In het plaatsje staat nog een triomfboog met drie poorten
In Orange staat een Triomfboog die gebouwd is tijdens de regering van keizer Augustus. Oorspronkelijk was de boog een eerbetoon aan het tweede legioen. In opdracht van keizer Tiberius werd de boog gereconstrueerd om de overwinningen van Julius Ceasar op de Germanen te eren. De triomfboog heeft drie bogen, waarvan de middelste boog groter dan de buitenste twee en heeft als voorbeeld gediend voor de boog van Septimus Severus op het Forum Roman.

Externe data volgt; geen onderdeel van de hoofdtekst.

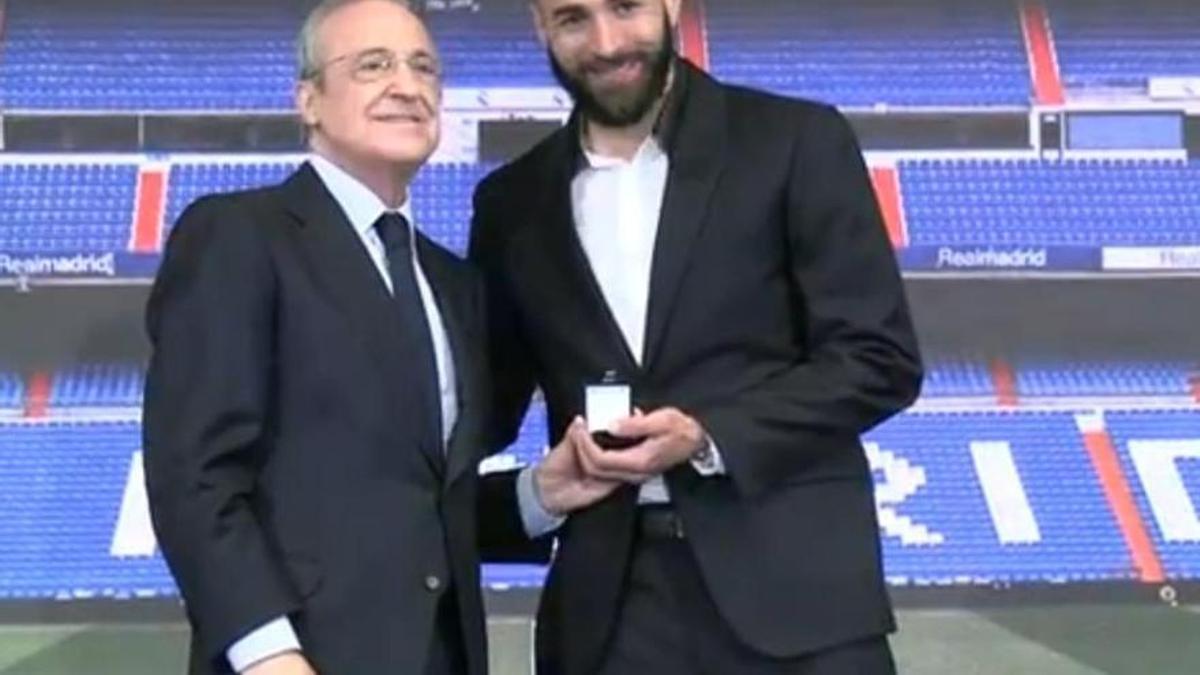 Florentino Pérez, con Benzema en su despedida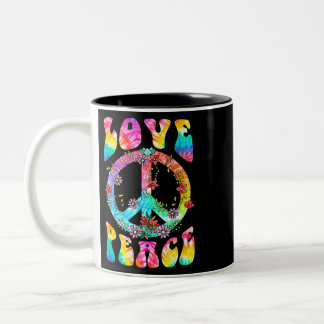 PEACE SIGN LIEBE T Shirt 60er 70er Gefärbte Krawat Zweifarbige Tasse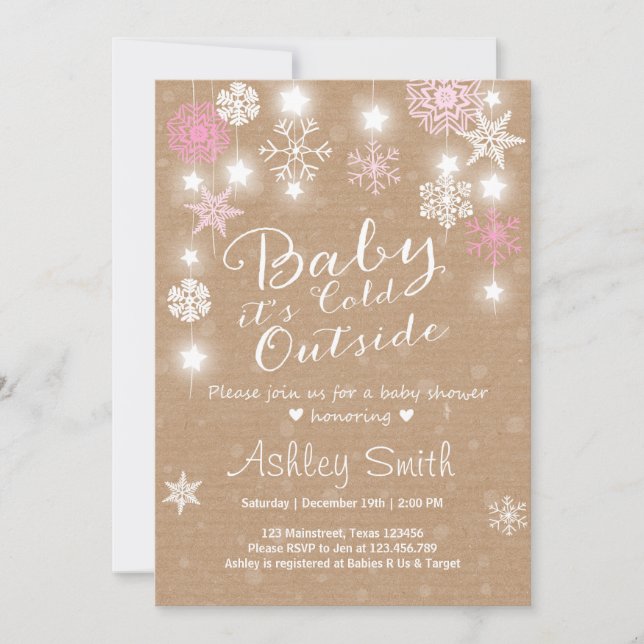 Invitación Baby Shower invita al bebé que es chica exterior (Anverso)
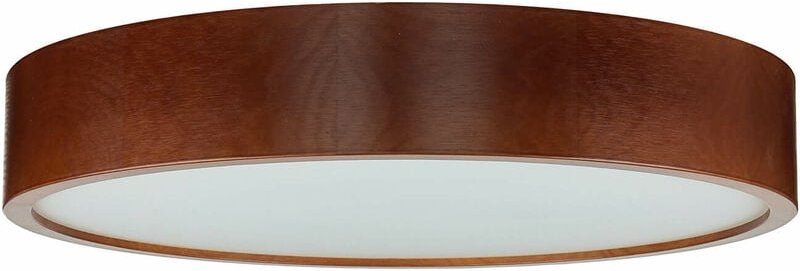 Licht-erlebnisse - Deckenlampe Wohnzimmer Flur Holz Glas rund Ø47cm flach E27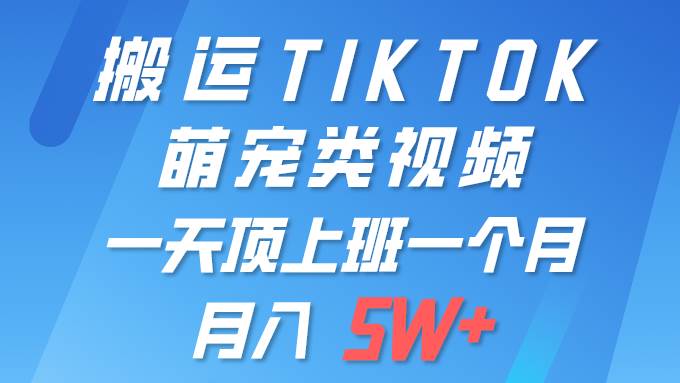 一键搬运TIKTOK萌宠类视频 一部手机即可操作 所有平台均可发布 轻松月入5W+-优优资源网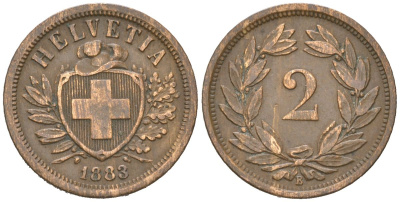 Швейцария 2 раппена 1883 B KM 4 бронза 4516-243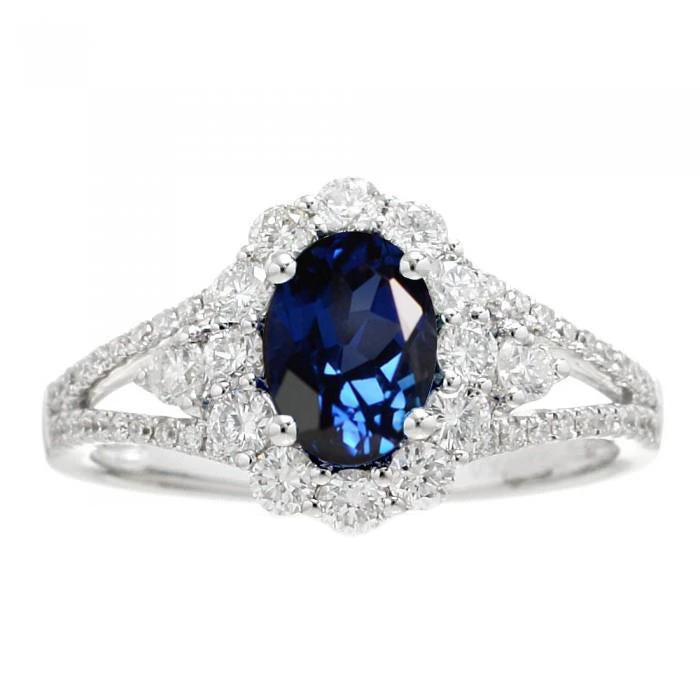 Bague de mariage ovale 2 ct avec saphir de Ceylan et diamants en or blanc 14K - HarryChadEnt.FR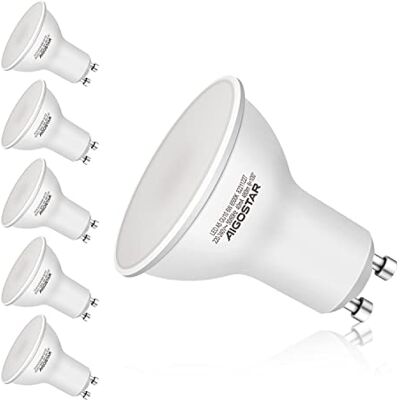 Aigostar Ampoules LED GU10 Blanc Froid 6500K, 6W Équivalent de lampe halogène de 68W, 480lumens, 100°-120° Larges Faisceaux, Ampoules LED Spot Lot de 5 Aigostar Ampoules LED GU10 Blanc Froid 6500K, 6W Équivalent de lampe halogène de 68W, 480lumens, 100°-120° Larges Faisceaux, Ampoules LED Spot Lot de 5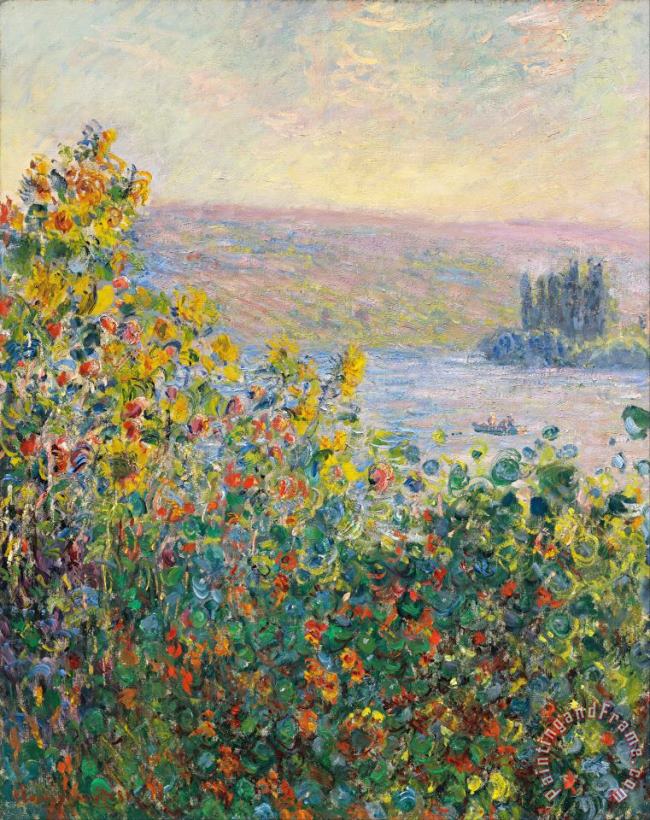 Claude Monet Flower Beds at Vetheuil Art Painting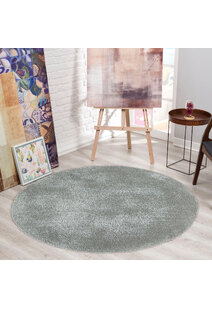 Luxe Plain Silver Shaggy Rug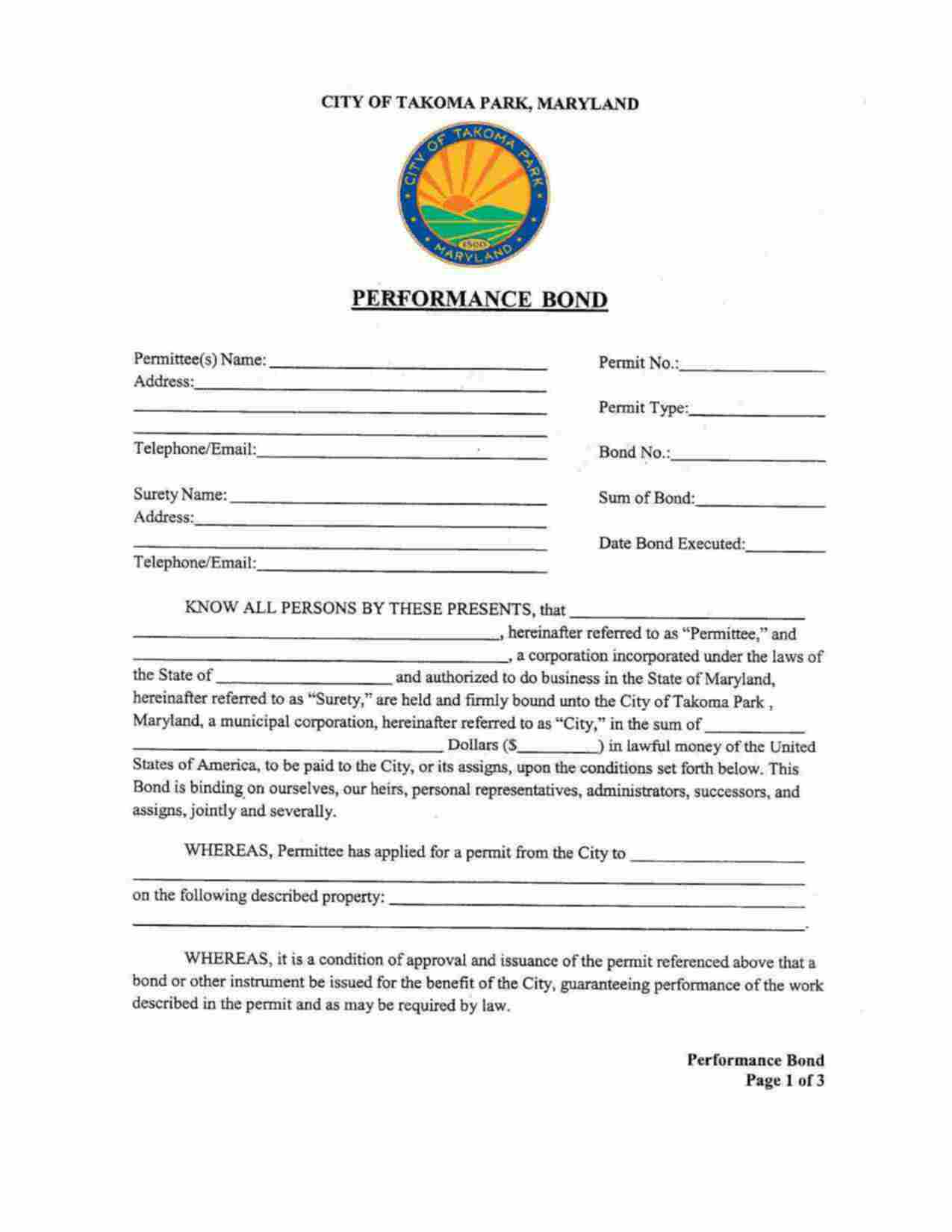 Maryland Performance Bond Form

Noordelijker in Europa is Trier een van de plaatsen met goed bewaarde Romeinse gebouwen: de Porta Nigra, de Aula Palatina en de Keizerlijke Thermen.
De Aula Palatina is een ontvangstruimte gebouwd in opdracht van Constantijn. Voor de bouw is de basilica vorm gebruikt zonder de zijbeuken. Het is een enorme ruimte met een absis, waarin tijdens de Romeinse overheersing een beeld van de keizer stond. Tegenwoordig is het gebouw een kerk.
De Porta Nigra, de enige Romeinse toegangspoort boven de alpen die nog intact is. De poort is gebouwd tussen 186-200. De naam Porta Nigra is waarschijnlijk in de Middeleeuwen ontstaan, omdat de grijze zandsteen zwart begon te worden. De oorspronkelijk Romeinse naam van het gebouw is verloren gegaan.
Het zuidelijk gedeelte van Engeland is door Claudius aan het Romeinse Rijk toegevoegd. Hadrianus heeft aan de noordgrens een muur met fortificaties laten bouwen: de zogenaamde Hadrian Wall, waarvan een deel nog steeds te bezichtigen is. Op regelmatige afstanden waren er versterkingen in de muur.
In Suffolk is een Romeinse zilverschat aan het licht gekomen. De zilveren schalen dateren uit de 4e eeuw. De schaal met de beeltenis van Neptunus met 60 cm in doorsnede. De Schat van Mildenhall staat in het British Museum
In de middelste cirkel van de Neptunusschaal is duidelijk te zien dat de maker zoveel mogelijk figuren wilde afbeelden. Het ‘horror vacui’ is een Griekse stijl in de kunst die door de Romeinen tot in het detail wordt nagevolgd. Sommige sarcofagen zijn zo overdadig gedecoreerd met reliëfs, dat er geen onbewerkt marmer meer te zien. Het lijkt alsof de Romeinen in de late keizertijd een angst ontwikkelden voor de lege ruimte.
Over het algemeen hadden de Romeinen ontzag en respect voor hun tegenstanders. Tegenstand in de strijd was een grote deugd. Sterven in de strijd was dat ook. In het beeld van de Stervende Gallïer en de Gallische zelfmoord komt het respect voor het Gallische volk tot uitdrukking. Zelfmoord was eerbaar; je hield de eer aan jezelf.